The 2024-2026 Norman Beischer Clinical Research Fellowship has been awarded to Dr Teresa MacDonald to tackle preventable stillbirth. Most stillbirths happen because the baby’s life support system – the placenta – functions poorly. Most stillbirths occur late in pregnancy, when – if the baby was known to be at higher risk – it could be monitored and delivered. And saved. The challenge is that currently, we detect less than 30% of at-risk babies. We fail to reduce stillbirth because we lack tools to identify the failing placenta, and the small baby.

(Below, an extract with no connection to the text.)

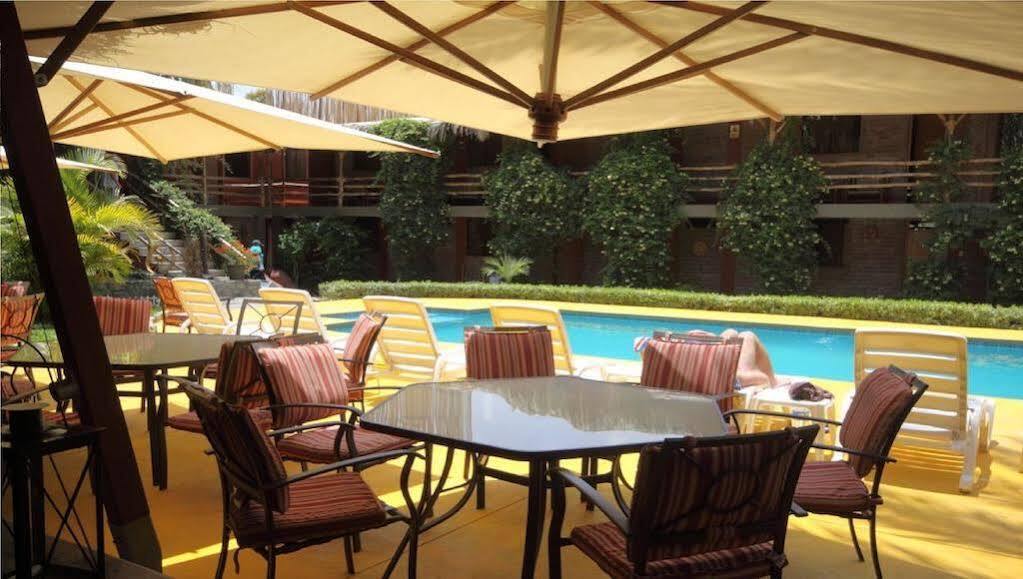 Hotel El Huacachinero Ica Esterno foto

With the Fellowship’s $600,000 funding, Teresa will develop 3 ‘Checkpoints of Placental Health’ across pregnancy to better identify babies at risk, so they can be closely monitored, and delivered before disaster strikes. “The NBMRF Clinical Fellowship will allow me to fast-track this research to get tools that better identify risk into the clinic, to really make a difference to families.” Dr MacDonald said.
As an Obstetrician and Gynaecologist at Mercy Hospital for Women, Teresa can imagine her work being applied on a daily basis. “In absolutely every antenatal clinic we endeavour to identify babies at risk, and make recommendations about timing of birth. It can be tough balancing the desire to continue a pregnancy and await spontaneous labour against increasing stillbirth risk as gestation advances. I am so thrilled that with the Foundation’s support, I will be able to develop tools to aid this decision making in an evidence-based way.”
Teresa’s overarching aim is to translate her research findings into clinical tools that become a routine part of antenatal care. She aims to use her profile as obstetrician, researcher and educator to communicate this work effectively, to see it implemented, and ultimately she hopes, to save lives.